We came to a street with a few cops and one car and started to cross it. After a while, we realized somebody was hollering at us. “Hey, you with the caps!” We turned around and a black police officer was coming toward us, telling us the street was closed. We said okay and apologized. Ben reached over and shook his hand, told him thanks, and that we understood. He relaxed immediately and it was almost as if he breathed a huge sigh of relief. I shook his hand too and told him that we understood how tough it was for him to be here. He thanked us from his heart and the appreciation was written all across his face. I felt like we had bridged a huge gulf. I think he was pleasantly surprised at these two gentle, cooperative protesters. We left him feeling happy with ourselves and continued on our strange mission.
We arrived at the park across from the Capitol and the protesters were pretty rowdy. Several were hanging back, chunking rocks at the police. In the distance, we could barely see the Klan on the steps. We walked around in the crowd for a while, praying and wondering if there was any way we could confront the rock-throwers and gently ask them to quit. The majority was black and we felt like at the time that it wasn’t appropriate for a couple of white guys like us to say anything.
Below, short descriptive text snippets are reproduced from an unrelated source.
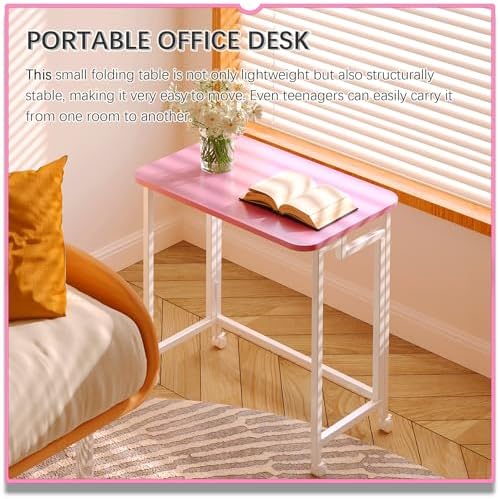 4NM 23.6" Mobile Small Rolling Computer Desk, Folding Laptop Cart Table with Wheels, Portable Office Desk for Small Space Couch Bed - Pink and White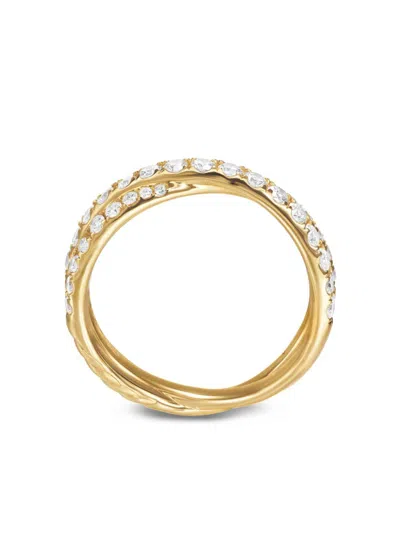 David Yurman 18kt Yellow Gold Crossover Diamond Ring In Gold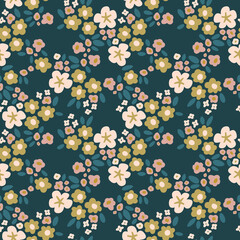 Vector seamless pattern with stylized flowers in trending color.  Stylish background with tiny wild flowers. Floral pattern for fabric, dress, textile, wrapping paper, etc.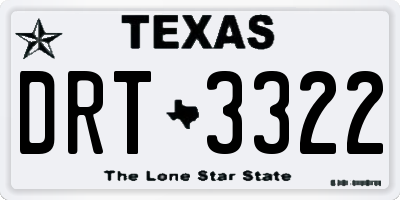 TX license plate DRT3322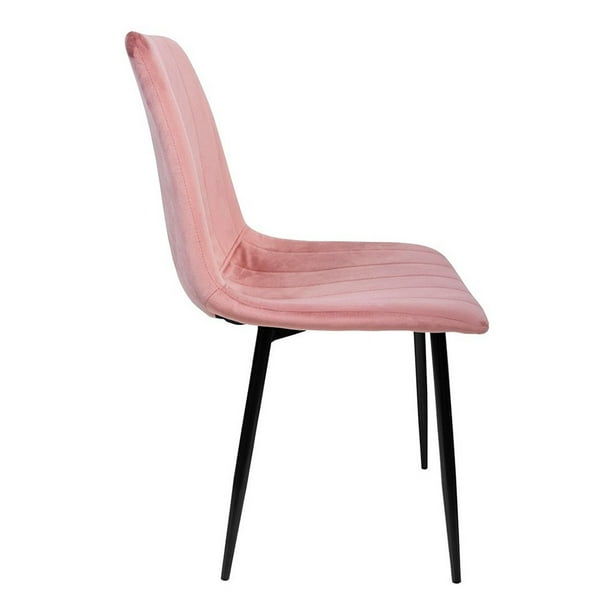 Mezcla estas sillas comedor de estilo retro tapizadas con terciopelo rosa,  arena, gris, crema o negro
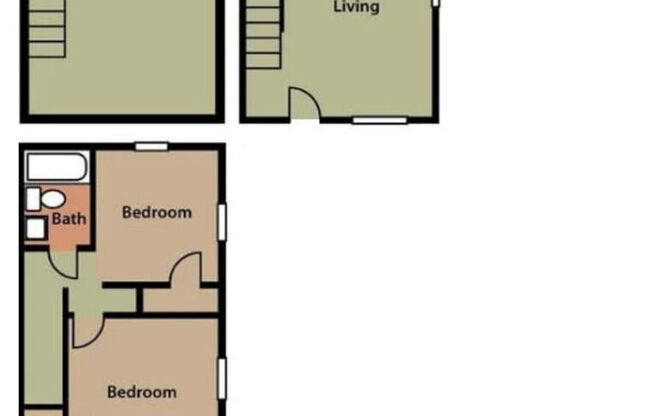 Three Bedroom One Bath Townhome Finished Basement: Beds - 2: Baths - 1: SqFt Range - 720 to 720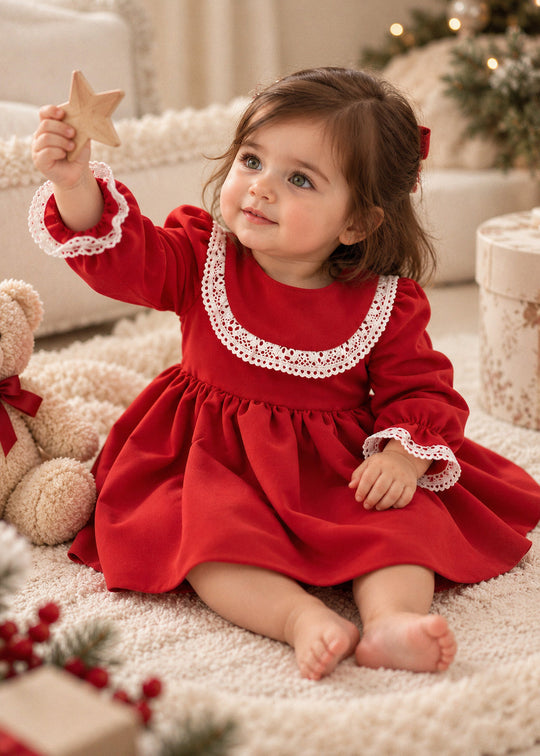 Rochita Eleganta Rosie cu Volane si Dantela pentru Bebelusi – AnneBebe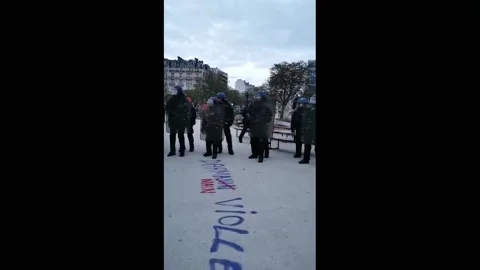 France: March 28 Clashes Erupt At Anti-Pension Reform Protests In Multiple C... Stock Footage 237174876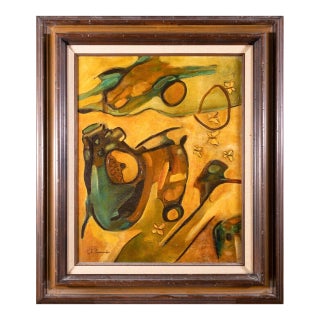c.e. Leonard Cubits Surreal Abstract Signed Oil Painting on Framed Canvas 1970 For Sale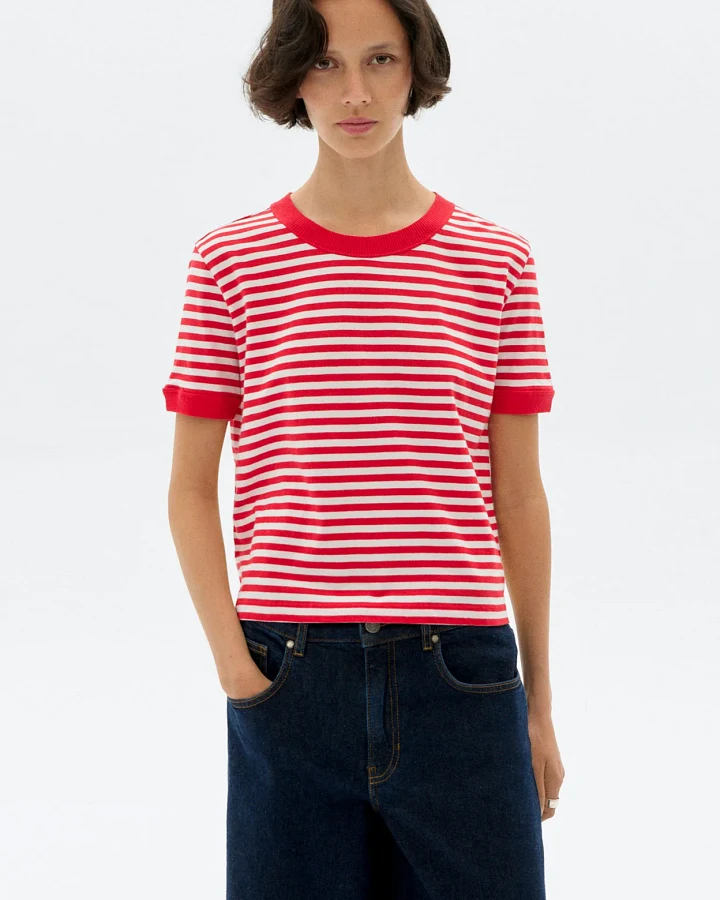 Thinking MU Damen vegan T-Shirt Zowi R Gestreift Rot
We didn’t agree with the rock throwing but understood the anger. However, as we were walking to a tree, a couple of white guys picked up some large seed like things as big as baseballs to throw. I looked at one of them and said, “Don’t throw it. It’s not worth it.” We walked on by and he just stood there. Then someone came up behind him and he let them take the thing out of his hand. He said something to the other guy and he dropped his on the ground where it had been. Then they walked away. I think they left. The probable “missiles” stayed on the ground right up until we left. It felt good, like we did have some influence. The cops got tired of the rocks so they moved in behind, canceled the permit, and said that those who would leave now could. Those who didn’t would be arrested. So we left and headed home. After a while, we realized that we could barely walk, we were so drained.
What was I feeling? Well, it was a whole range of emotions from anger to frustration to disbelief. But the one I was feeling more than any other was an overwhelming sense of sadness. Sadness at how people can hurt each other, at the KKK and their outlook on life, at the division between people protesting against the same thing. I understood the police, they were just doing their job and they didn’t want to be there either. The reporters were doing the same. I understood the militancy and anger of the protesters at the KKK from the history of their repression. I even understood the KKK from the people that I hung around with in Mississippi. I understood all of these things and yet I did not understand a thing. I think I finally know how God feels when his children hurt each other.
I want to start an organization or at least make a suggestion so that when there is a protest, people would be sent to it in pairs simply as witnesses for peace and love among the people there. It amazed me that two guys who weren’t really trying to change anything and had no control over the riot or situation at large could touch the people around us. A black protester. A white elderly couple. A white young man. A black policeman. A white protester. Why do we always feel like you have to do big things to accomplish anything? I thank God that we went.